> Problem to work on:
Reproduce the following data exactly, minus any images.

> Recorded information:
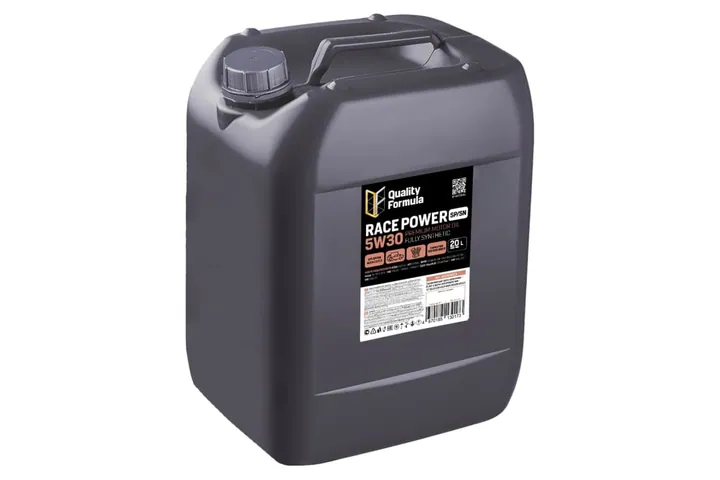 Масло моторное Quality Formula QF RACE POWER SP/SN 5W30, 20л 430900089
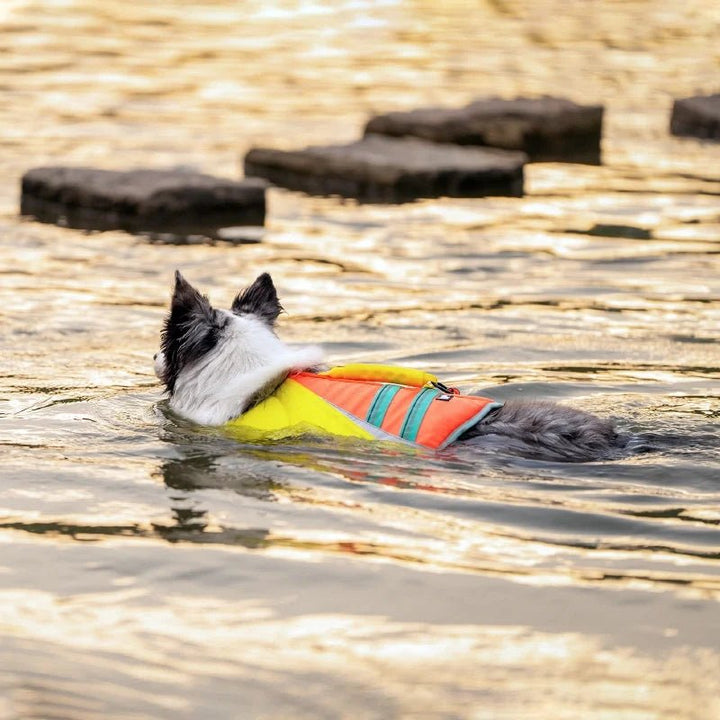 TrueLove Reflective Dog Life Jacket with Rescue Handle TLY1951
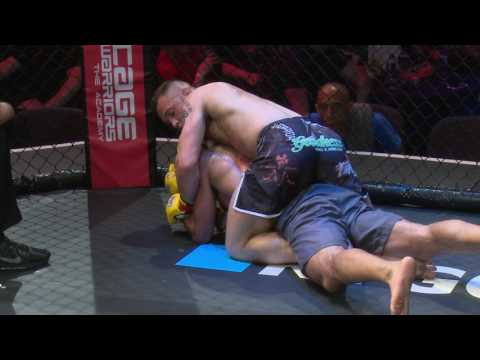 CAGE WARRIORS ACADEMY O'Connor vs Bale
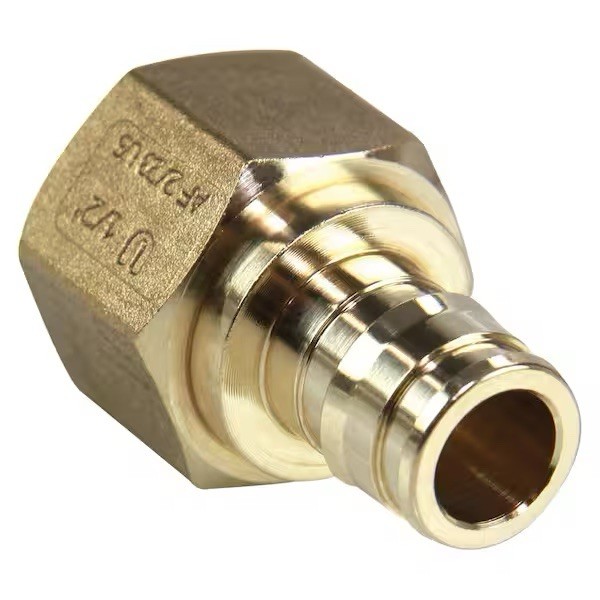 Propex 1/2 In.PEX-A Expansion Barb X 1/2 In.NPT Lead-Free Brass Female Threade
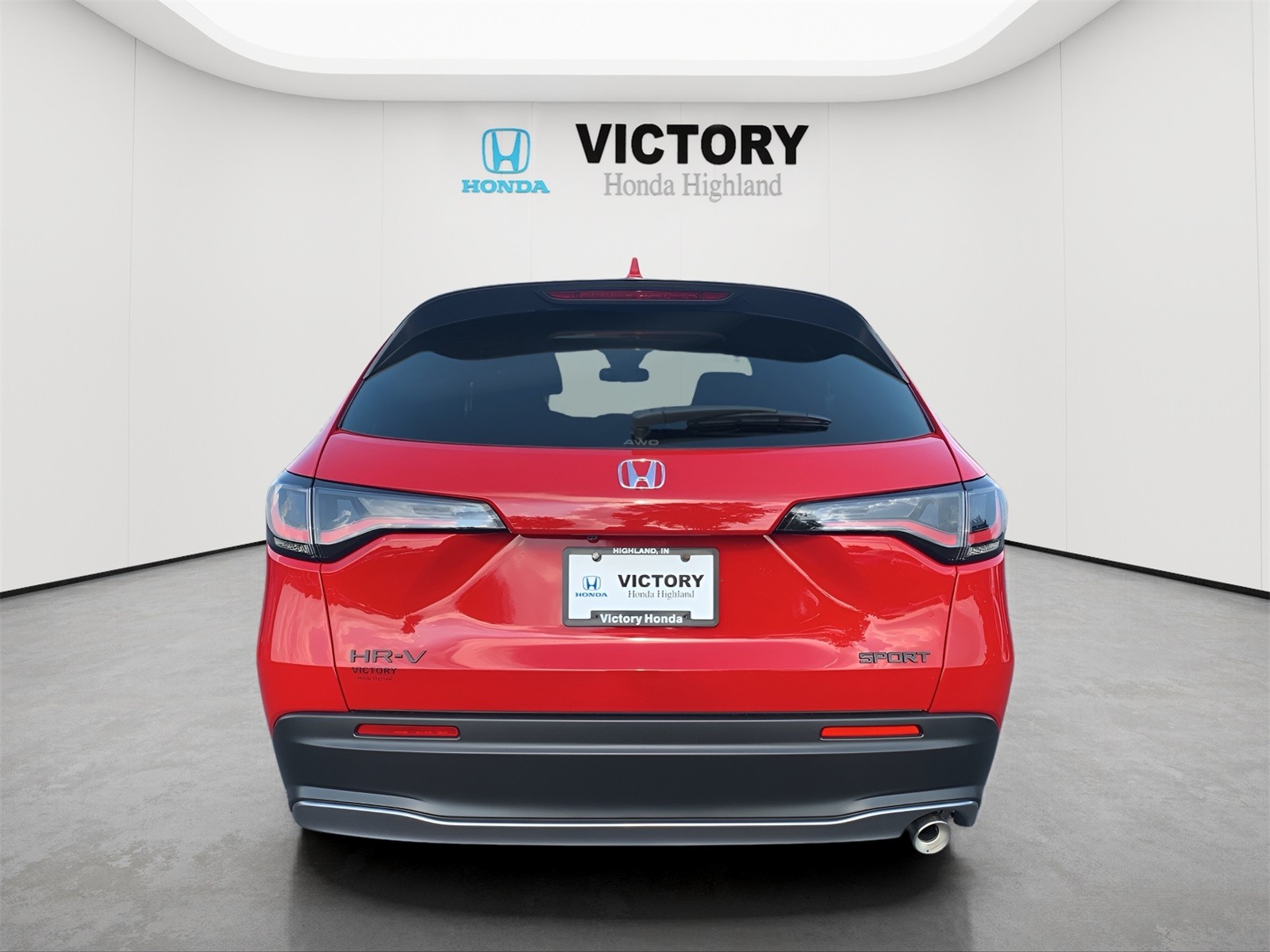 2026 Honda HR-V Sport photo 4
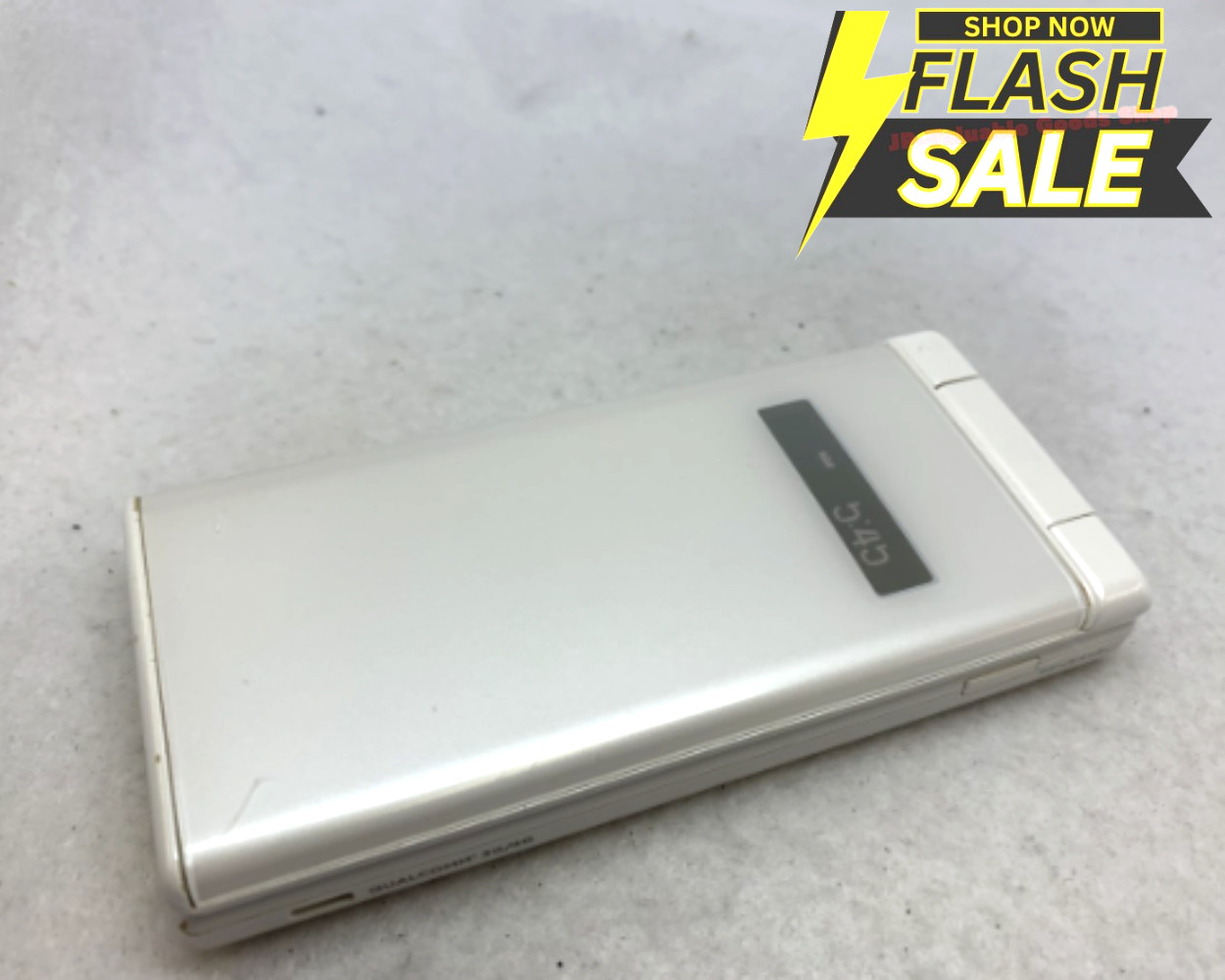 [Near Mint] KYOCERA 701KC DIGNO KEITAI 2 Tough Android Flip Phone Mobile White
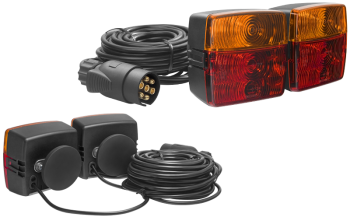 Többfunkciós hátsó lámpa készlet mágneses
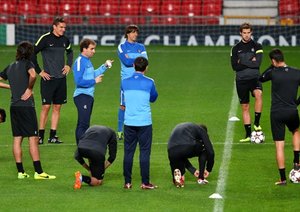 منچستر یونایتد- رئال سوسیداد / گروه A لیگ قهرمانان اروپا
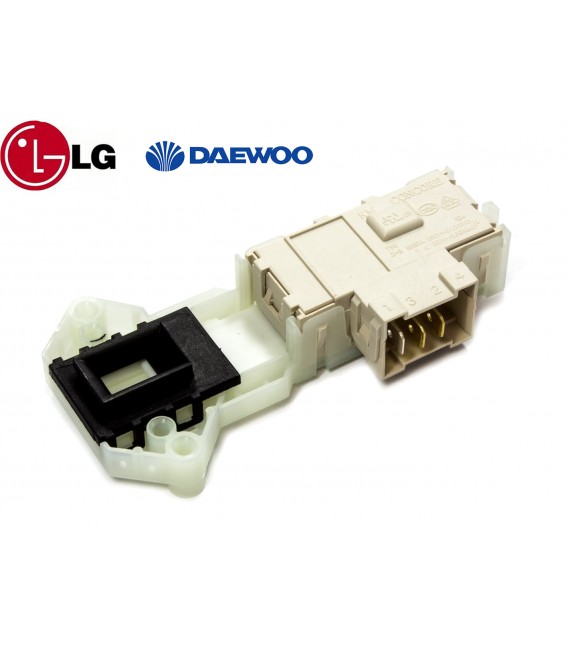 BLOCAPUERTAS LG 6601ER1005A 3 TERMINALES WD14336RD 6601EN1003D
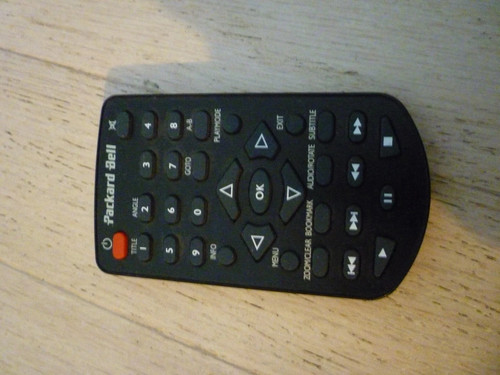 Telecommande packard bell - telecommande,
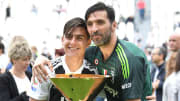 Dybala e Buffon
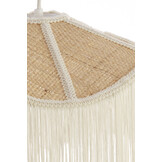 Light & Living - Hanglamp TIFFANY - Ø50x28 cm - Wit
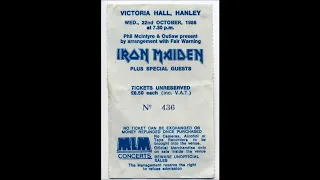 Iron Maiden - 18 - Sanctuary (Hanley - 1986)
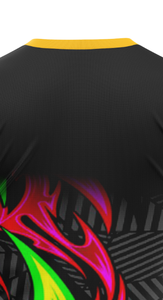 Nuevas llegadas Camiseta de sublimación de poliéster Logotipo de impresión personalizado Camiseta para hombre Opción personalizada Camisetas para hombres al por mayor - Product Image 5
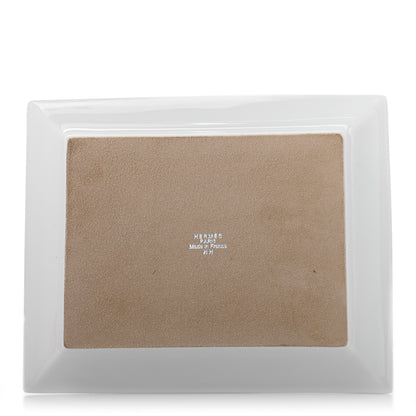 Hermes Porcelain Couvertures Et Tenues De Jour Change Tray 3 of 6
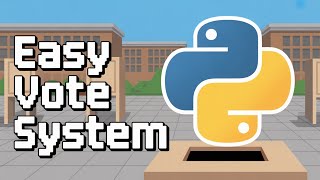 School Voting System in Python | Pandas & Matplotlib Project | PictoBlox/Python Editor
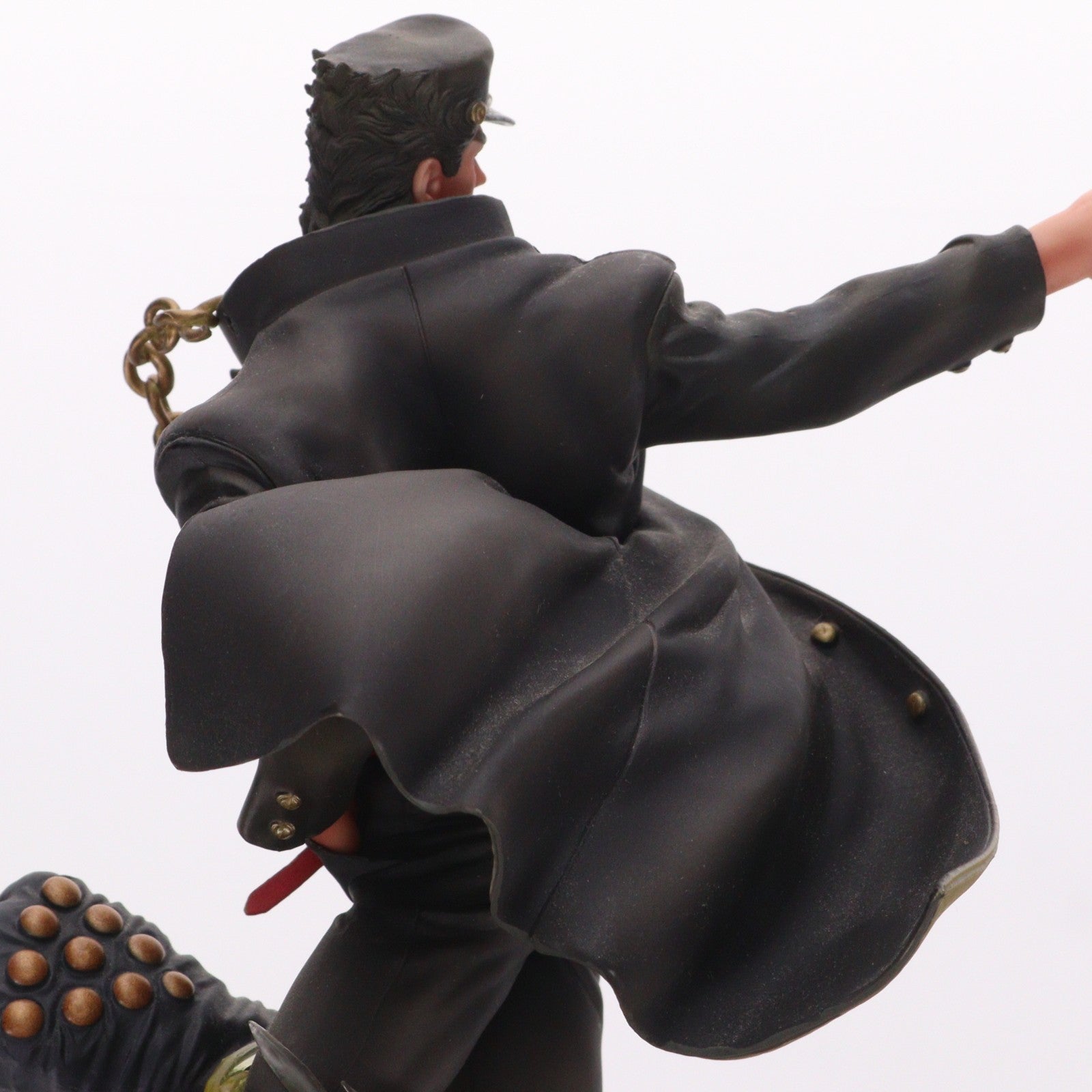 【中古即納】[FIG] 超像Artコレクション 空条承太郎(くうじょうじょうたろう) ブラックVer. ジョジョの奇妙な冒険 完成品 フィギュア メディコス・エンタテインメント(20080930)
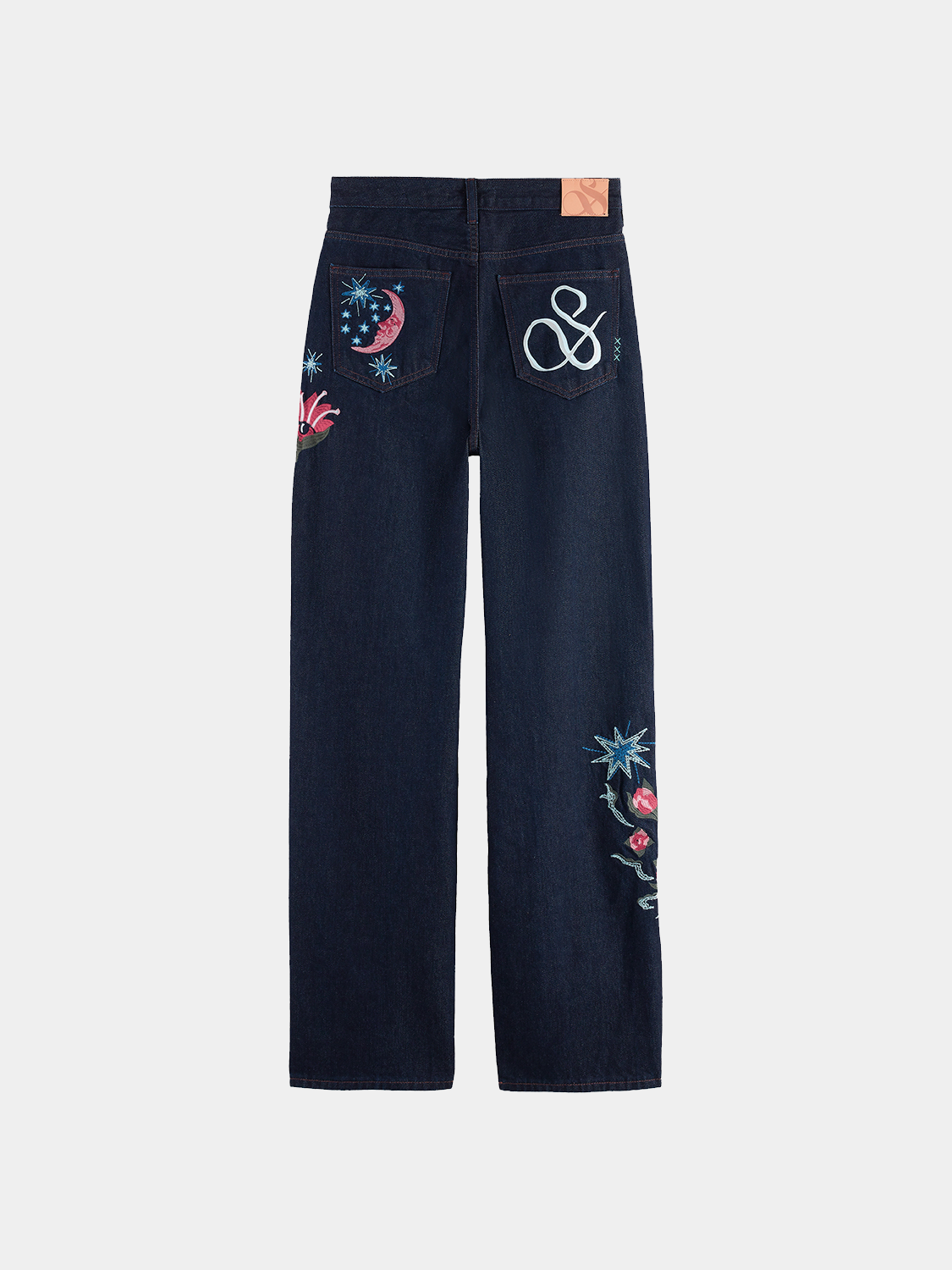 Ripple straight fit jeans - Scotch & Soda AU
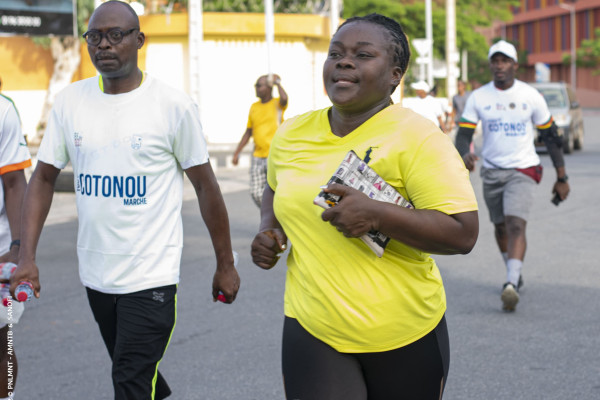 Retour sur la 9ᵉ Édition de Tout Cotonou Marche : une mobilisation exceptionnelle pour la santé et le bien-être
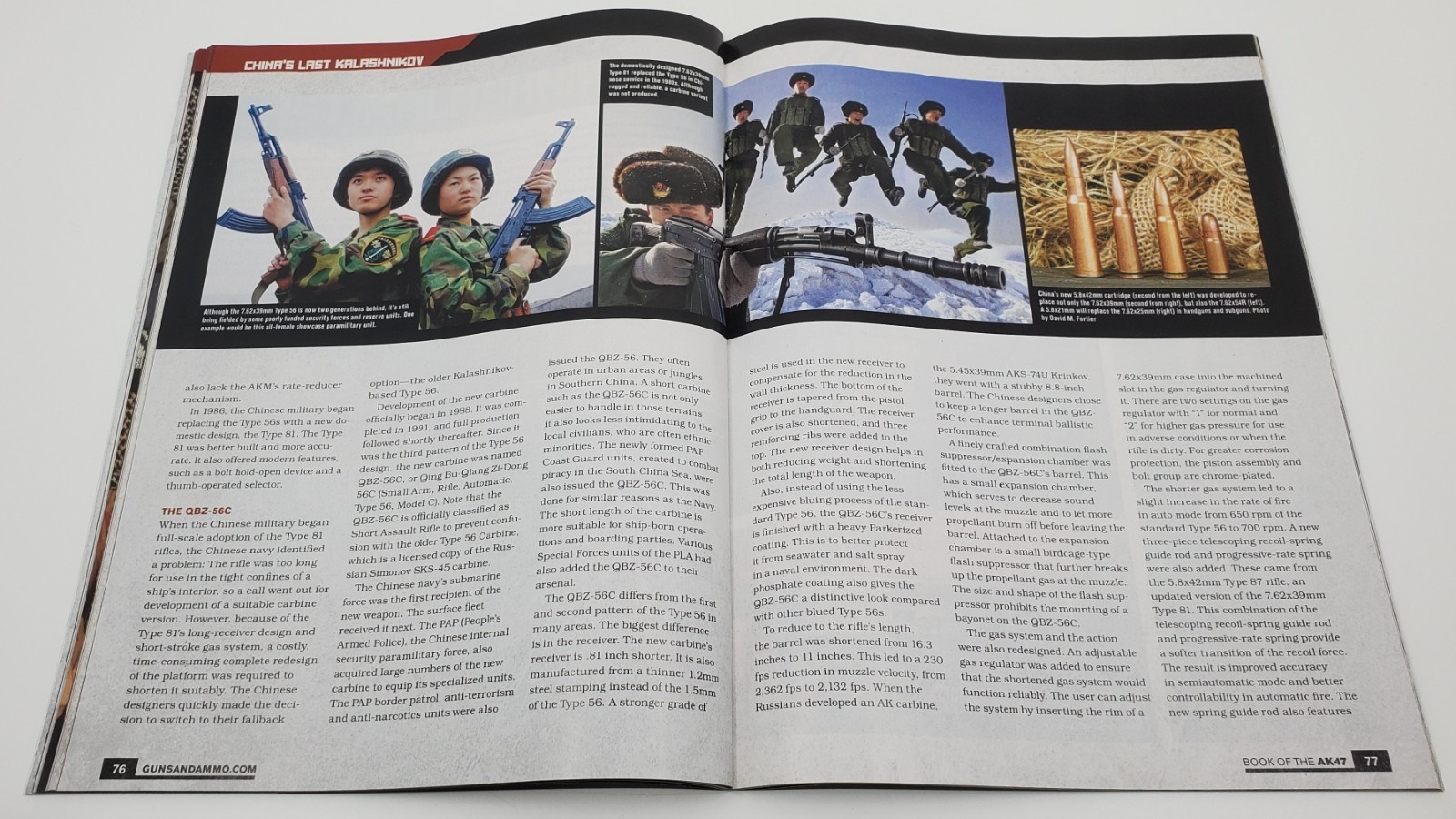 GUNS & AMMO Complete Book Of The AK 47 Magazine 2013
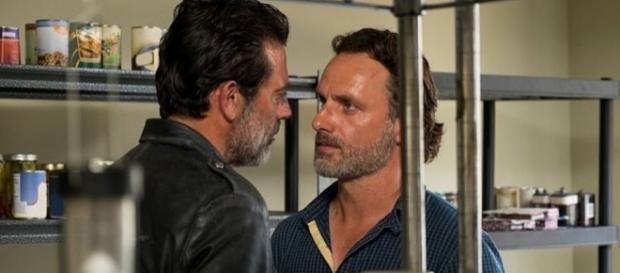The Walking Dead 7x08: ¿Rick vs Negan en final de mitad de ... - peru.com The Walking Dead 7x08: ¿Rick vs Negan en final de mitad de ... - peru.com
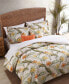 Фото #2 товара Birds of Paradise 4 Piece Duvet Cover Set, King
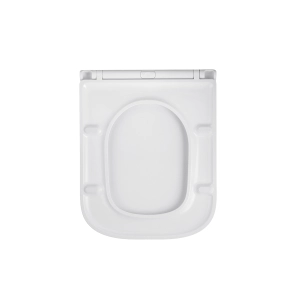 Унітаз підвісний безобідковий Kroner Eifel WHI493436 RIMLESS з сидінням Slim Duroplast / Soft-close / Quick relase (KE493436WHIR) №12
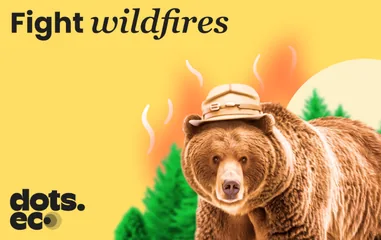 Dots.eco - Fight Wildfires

> Reply:
 Масло моторное Quality Formula QF RACE POWER SP/SN 5W30, 20л 430900089
 TrueLove Reflective Dog Life Jacket with Rescue Handle TLY1951
 CAGE WARRIORS ACADEMY O'Connor vs Bale
 Propex 1/2 In.PEX-A Expansion Barb X 1/2 In.NPT Lead-Free Brass Female Threade
 2026 Honda HR-V Sport photo 4
 [Near Mint] KYOCERA 701KC DIGNO KEITAI 2 Tough Android Flip Phone Mobile White
 Többfunkciós hátsó lámpa készlet mágneses
 منچستر یونایتد- رئال سوسیداد / گروه A لیگ قهرمانان اروپا
 BLOCAPUERTAS LG 6601ER1005A 3 TERMINALES WD14336RD 6601EN1003D
 Telecommande packard bell - telecommande,
 Dybala e Buffon
 Light & Living - Hanglamp TIFFANY - Ø50x28 cm - Wit
 Iron Maiden - 18 - Sanctuary (Hanley - 1986)
 Nuevas llegadas Camiseta de sublimación de poliéster Logotipo de impresión personalizado Camiseta para hombre Opción personalizada Camisetas para hombres al por mayor - Product Image 5
 Hermes Porcelain Couvertures Et Tenues De Jour Change Tray 3 of 6
 School Voting System in Python | Pandas & Matplotlib Project | PictoBlox/Python Editor
 【中古即納】[FIG] 超像Artコレクション 空条承太郎(くうじょうじょうたろう) ブラックVer. ジョジョの奇妙な冒険 完成品 フィギュア メディコス・エンタテインメント(20080930)
 Ripple straight fit jeans - Scotch & Soda AU
 Retour sur la 9ᵉ Édition de Tout Cotonou Marche : une mobilisation exceptionnelle pour la santé et le bien-être
 GUNS & AMMO Complete Book Of The AK 47 Magazine 2013
The Walking Dead 7x08: ¿Rick vs Negan en final de mitad de ... - peru.com The Walking Dead 7x08: ¿Rick vs Negan en final de mitad de ... - peru.com
 Фото #2 товара Birds of Paradise 4 Piece Duvet Cover Set, King
 Унітаз підвісний безобідковий Kroner Eifel WHI493436 RIMLESS з сидінням Slim Duroplast / Soft-close / Quick relase (KE493436WHIR) №12
 Dots.eco - Fight Wildfires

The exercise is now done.